Находясь в Казани и получив 11 апреля известие о кончине Александра Ильича Бибикова, генерал-поручик князь Щербатов, как старший из начальников, на другой же день выехал в Бугульму. «Едучи по почте в кибитке, — писал он впоследствии1, — по чрезвычайной в здешнем краю дороге, не в состоянии был больше переехать в двое сутки 70 верст».

На берегу реки Камы князь Щербатов встретил походную канцелярию покойного главнокомандующего, которая с большим трудом и опасностью переправилась через реку. Видя невозможность переправиться через реку Каму, князь Щербатов возвратился в Казань, где и решил ожидать распоряжений о назначении нового главнокомандующего.

Последние донесения из-под Оренбурга, победы, одержанные повсюду правительственными войсками, и, наконец, известие, что Пугачев бежал из Берды с весьма незначительным числом своих сообщников, убеждали правительство, что дело самозванца проиграно, что сила его уничтожена и что для окончательного подавления мятежа остается успокоить население и переловить мелкие шайки, бродившие еще по разным местам края, но не имевшие между собой общей связи и единства. Для такой цели, конечно, не было никакой надобности назначать главнокомандующего, облеченного обширной властью, такой, какой пользовался А.И. Бибиков, а достаточно было назначить начальника над войсками и предоставить губернаторам, каждому в своей губернии, усмирить население и, при содействии войск, привести его к покорности и повиновению.

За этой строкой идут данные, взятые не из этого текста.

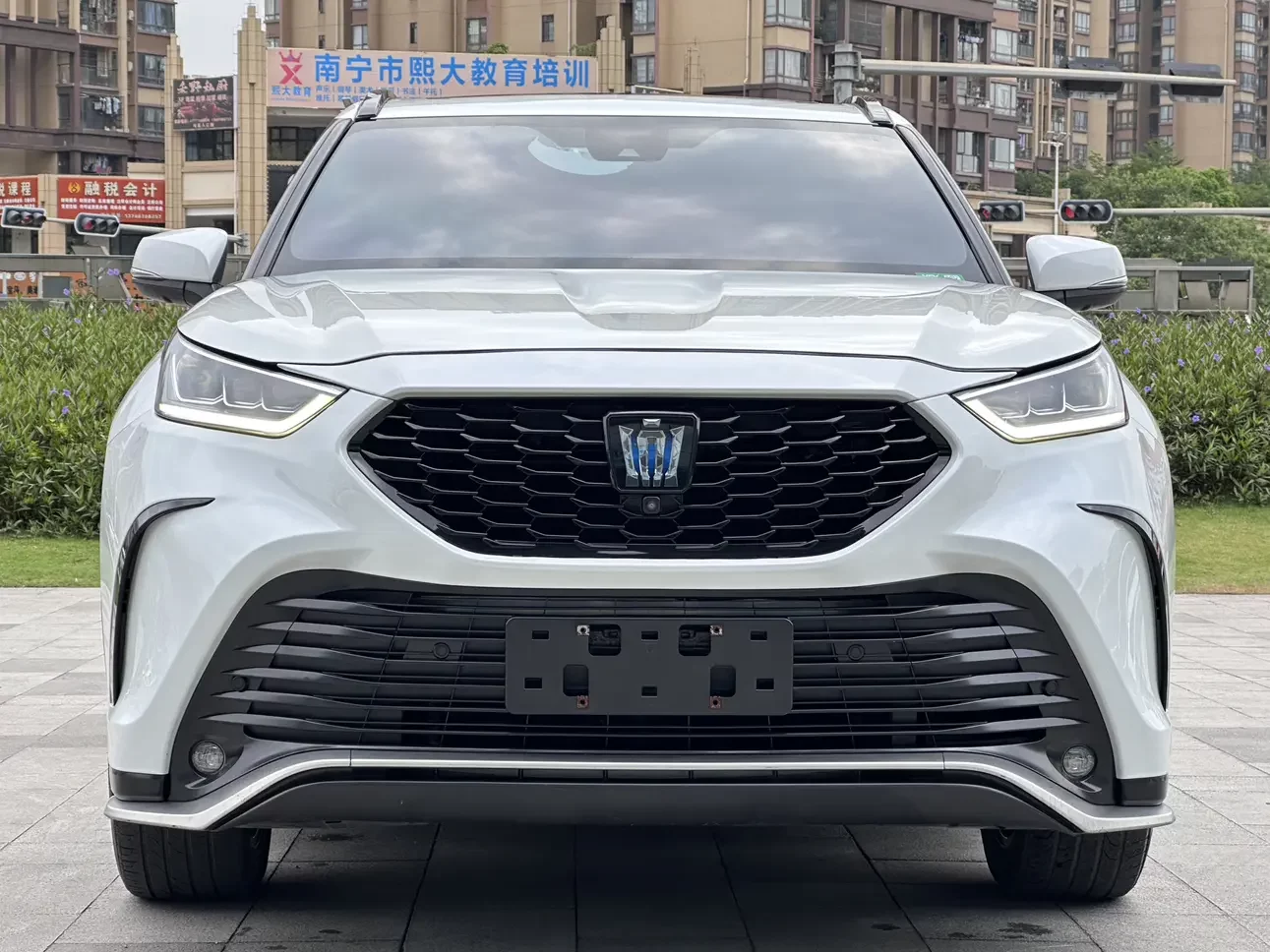 Toyota Crown Kluger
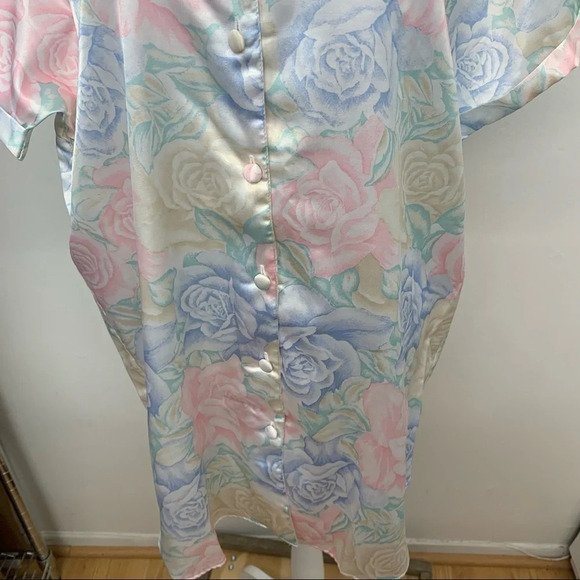 Vintage Nightshirt ‎ Woman Sz  Small Satin Gown Pastel   Floral Short Sleeve - Picture 3 of 13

Исходя из этой точки зрения и все еще не сознавая хорошо, в чем сила самозванца и где ее источник, правительство так и поступило.

«Через донесение ваше известились мы, — писала Екатерина II князю Щербатову2, — как о смерти генерала Бибикова, так и о восприятой вами по нем, в качестве старшего военачальника, главной команде над войсками, предводительству его вверенными. До получения впредь от нас новых повелений, поручаем мы вам принять между тем главную над сими войсками команду и вести по тем же самым основанием, кои от покойного генерала Бибикова толь благоразумно и удачливо распоряжения были, дабы инако не остановить течение и исполнение всего дела. Но как порученная покойному Бибикову комиссия в рассуждении переменившихся ныне обстоятельств в гораздо лучшее положение приведена, то находим мы за нужно предписать вам к руководству вашему на первый случай следующее: 1) чтоб вы продолжали неусыпно поражения и преследование бунтовщиков, вооруженно воюющих, и не пропускали их в околичные губернии, а притом по крайней возможности старались приводить в повиновение отложившуюся чернь; 2) чтоб вы в постановлении нужного устройства с повсеместной тишиной предоставляли, однако же, губернаторам, каждому в его губернии, яко истинному оные хозяину и состояние людей и нравов лучше знающему, главнейшее попечение по собственному каждого в своей части лучшему усмотрению; 3) чтобы для сего беспрестанное имели вы сношение с окрестными губернаторами и по их требованием подавали им воинскую помощь, не теряя из вида главного вашего предмета, в первом пункте описанного, требуя взаимно и от губернаторов их способствование вашим делам там и тогда, где того истинная польза службы нашей требовать будет; 4) чтоб вы строгими от себя грамотами требовали от башкирцев выдачи Пугачева, изъясняя им всю гнусность его злодейства и жестокость праведной им от законов мести, если они его укрывать станут, или же из своих рук упустят и не возвратятся добровольно в повиновение монаршей нашей власти, с обещанием напротив в сем последнем случае всемилостивейшего от нас прощения им вины, а притом и награждение за поимку и выдачу злодея Пугачева, причинствовавшего толикому разорению и толикому пролитью невинной крови.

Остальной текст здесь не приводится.